Top of TASK INPUT

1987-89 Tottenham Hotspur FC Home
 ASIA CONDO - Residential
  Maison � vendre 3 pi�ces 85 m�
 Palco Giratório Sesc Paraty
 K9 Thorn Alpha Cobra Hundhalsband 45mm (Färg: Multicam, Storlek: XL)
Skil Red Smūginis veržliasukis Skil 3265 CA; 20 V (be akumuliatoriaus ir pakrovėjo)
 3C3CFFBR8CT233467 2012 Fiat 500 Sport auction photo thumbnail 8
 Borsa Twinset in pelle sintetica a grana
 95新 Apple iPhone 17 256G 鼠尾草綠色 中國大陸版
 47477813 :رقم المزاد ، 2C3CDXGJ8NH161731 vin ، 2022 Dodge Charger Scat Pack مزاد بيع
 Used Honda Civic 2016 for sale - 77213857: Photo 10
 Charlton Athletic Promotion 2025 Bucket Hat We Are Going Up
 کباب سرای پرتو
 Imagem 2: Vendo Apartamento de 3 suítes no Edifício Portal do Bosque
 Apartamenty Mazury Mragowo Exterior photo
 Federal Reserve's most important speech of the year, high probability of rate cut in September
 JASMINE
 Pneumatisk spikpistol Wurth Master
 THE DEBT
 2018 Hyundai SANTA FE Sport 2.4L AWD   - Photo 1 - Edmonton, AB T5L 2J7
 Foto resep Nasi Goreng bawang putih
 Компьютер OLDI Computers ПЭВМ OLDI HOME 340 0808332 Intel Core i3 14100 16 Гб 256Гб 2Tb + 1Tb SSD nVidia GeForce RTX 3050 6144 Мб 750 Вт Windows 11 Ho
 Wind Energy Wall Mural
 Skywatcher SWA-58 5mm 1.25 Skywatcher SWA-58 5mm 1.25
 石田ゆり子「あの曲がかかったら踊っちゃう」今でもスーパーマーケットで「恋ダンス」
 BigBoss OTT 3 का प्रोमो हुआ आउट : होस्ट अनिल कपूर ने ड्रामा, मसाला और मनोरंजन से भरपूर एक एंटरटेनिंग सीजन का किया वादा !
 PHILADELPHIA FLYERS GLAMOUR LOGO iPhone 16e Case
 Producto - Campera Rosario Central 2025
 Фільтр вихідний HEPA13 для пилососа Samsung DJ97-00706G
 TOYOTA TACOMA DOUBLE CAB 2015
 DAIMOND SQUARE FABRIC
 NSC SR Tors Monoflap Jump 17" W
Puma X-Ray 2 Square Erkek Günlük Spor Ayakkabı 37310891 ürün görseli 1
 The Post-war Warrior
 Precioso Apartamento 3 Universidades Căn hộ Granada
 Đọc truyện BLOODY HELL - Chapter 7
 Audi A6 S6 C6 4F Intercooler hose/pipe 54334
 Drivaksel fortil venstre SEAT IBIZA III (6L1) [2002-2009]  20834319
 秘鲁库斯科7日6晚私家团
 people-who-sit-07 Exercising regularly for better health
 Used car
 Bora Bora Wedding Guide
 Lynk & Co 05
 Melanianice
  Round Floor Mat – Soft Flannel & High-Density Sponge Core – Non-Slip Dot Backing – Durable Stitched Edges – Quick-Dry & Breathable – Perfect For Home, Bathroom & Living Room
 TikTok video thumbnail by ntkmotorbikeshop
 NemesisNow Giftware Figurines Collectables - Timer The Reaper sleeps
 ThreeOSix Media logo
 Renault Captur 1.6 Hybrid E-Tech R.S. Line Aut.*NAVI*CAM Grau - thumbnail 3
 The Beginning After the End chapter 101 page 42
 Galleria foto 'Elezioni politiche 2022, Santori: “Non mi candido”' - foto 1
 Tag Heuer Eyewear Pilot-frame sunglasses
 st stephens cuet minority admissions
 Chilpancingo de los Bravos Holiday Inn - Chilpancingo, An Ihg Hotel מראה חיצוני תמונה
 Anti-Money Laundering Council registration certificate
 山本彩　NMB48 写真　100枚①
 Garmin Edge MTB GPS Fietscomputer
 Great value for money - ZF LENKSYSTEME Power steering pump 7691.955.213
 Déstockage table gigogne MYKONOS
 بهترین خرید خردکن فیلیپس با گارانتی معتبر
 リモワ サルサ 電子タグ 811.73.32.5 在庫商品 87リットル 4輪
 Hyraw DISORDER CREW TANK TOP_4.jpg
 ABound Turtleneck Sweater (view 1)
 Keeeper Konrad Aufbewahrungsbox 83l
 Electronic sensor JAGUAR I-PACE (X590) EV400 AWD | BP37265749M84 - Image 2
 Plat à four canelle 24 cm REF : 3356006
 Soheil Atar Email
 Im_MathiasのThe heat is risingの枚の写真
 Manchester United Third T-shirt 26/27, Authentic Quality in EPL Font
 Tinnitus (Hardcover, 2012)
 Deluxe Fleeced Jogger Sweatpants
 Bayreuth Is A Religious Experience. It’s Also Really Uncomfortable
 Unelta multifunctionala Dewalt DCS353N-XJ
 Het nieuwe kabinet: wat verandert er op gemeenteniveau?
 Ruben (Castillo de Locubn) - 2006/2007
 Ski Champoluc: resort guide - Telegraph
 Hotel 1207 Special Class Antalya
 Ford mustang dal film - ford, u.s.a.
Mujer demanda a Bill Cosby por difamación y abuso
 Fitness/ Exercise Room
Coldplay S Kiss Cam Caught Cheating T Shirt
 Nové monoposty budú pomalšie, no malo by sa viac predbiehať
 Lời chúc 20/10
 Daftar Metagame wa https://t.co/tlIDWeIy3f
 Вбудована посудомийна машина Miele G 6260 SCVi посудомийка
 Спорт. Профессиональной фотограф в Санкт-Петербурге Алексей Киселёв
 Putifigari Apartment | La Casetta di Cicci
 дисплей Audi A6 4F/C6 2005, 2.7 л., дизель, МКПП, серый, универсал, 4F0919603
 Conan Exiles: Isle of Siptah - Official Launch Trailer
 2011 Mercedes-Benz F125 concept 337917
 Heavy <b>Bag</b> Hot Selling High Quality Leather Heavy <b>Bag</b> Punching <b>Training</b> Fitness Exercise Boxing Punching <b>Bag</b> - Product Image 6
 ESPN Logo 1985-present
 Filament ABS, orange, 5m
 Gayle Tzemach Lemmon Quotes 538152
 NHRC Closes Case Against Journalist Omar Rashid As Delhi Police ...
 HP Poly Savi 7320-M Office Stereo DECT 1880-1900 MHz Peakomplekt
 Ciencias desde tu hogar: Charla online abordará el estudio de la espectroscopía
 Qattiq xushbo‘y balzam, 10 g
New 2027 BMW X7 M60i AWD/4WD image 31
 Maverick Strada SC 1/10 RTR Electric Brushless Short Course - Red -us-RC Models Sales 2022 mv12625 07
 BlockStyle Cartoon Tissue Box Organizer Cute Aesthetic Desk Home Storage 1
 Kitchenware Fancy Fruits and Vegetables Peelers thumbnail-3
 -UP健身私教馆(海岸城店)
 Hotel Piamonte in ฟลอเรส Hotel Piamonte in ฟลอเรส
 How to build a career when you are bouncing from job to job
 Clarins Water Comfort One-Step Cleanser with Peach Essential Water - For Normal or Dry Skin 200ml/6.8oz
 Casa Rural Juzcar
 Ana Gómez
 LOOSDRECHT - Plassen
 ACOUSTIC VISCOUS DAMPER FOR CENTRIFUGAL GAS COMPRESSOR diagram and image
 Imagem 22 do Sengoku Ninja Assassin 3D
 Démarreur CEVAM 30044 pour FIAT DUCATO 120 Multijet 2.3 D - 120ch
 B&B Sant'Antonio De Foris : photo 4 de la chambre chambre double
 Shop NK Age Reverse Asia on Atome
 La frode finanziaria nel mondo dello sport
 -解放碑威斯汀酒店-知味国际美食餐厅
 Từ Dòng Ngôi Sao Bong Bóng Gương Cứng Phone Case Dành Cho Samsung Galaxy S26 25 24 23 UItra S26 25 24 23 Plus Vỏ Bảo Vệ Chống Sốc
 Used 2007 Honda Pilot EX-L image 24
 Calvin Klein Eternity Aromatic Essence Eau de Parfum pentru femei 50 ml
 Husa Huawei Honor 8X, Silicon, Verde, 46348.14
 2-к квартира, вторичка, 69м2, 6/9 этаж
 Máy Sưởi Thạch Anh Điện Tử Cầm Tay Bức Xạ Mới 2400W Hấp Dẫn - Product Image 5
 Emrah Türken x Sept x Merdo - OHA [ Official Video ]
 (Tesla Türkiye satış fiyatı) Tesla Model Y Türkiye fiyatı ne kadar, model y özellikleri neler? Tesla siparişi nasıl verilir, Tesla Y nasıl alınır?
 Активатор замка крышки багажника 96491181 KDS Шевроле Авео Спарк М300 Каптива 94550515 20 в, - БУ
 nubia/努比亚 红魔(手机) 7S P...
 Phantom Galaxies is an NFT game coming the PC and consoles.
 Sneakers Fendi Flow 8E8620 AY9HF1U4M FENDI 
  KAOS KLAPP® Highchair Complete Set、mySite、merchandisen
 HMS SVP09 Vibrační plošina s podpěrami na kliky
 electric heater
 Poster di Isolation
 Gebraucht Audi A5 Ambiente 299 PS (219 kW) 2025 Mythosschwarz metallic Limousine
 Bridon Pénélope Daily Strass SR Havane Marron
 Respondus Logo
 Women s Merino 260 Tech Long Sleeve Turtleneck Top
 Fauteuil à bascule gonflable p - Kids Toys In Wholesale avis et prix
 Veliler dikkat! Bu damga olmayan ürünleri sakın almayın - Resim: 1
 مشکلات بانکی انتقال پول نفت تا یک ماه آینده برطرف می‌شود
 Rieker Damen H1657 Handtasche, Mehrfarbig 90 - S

Bottom of TASK INPUT

◆ WHAT YOU HAVE TO DO: All that belongs in your answer is the stretch of entries above from the line with "Husa Huawei Honor" through the line with "Veliler dikkat! Bu", printed exactly.

◆ SOLUTION TO THIS TASK:
 Husa Huawei Honor 8X, Silicon, Verde, 46348.14
 2-к квартира, вторичка, 69м2, 6/9 этаж
 Máy Sưởi Thạch Anh Điện Tử Cầm Tay Bức Xạ Mới 2400W Hấp Dẫn - Product Image 5
 Emrah Türken x Sept x Merdo - OHA [ Official Video ]
 (Tesla Türkiye satış fiyatı) Tesla Model Y Türkiye fiyatı ne kadar, model y özellikleri neler? Tesla siparişi nasıl verilir, Tesla Y nasıl alınır?
 Активатор замка крышки багажника 96491181 KDS Шевроле Авео Спарк М300 Каптива 94550515 20 в, - БУ
 nubia/努比亚 红魔(手机) 7S P...
 Phantom Galaxies is an NFT game coming the PC and consoles.
 Sneakers Fendi Flow 8E8620 AY9HF1U4M FENDI 
  KAOS KLAPP® Highchair Complete Set、mySite、merchandisen
 HMS SVP09 Vibrační plošina s podpěrami na kliky
 electric heater
 Poster di Isolation
 Gebraucht Audi A5 Ambiente 299 PS (219 kW) 2025 Mythosschwarz metallic Limousine
 Bridon Pénélope Daily Strass SR Havane Marron
 Respondus Logo
 Women s Merino 260 Tech Long Sleeve Turtleneck Top
 Fauteuil à bascule gonflable p - Kids Toys In Wholesale avis et prix
 Veliler dikkat! Bu damga olmayan ürünleri sakın almayın - Resim: 1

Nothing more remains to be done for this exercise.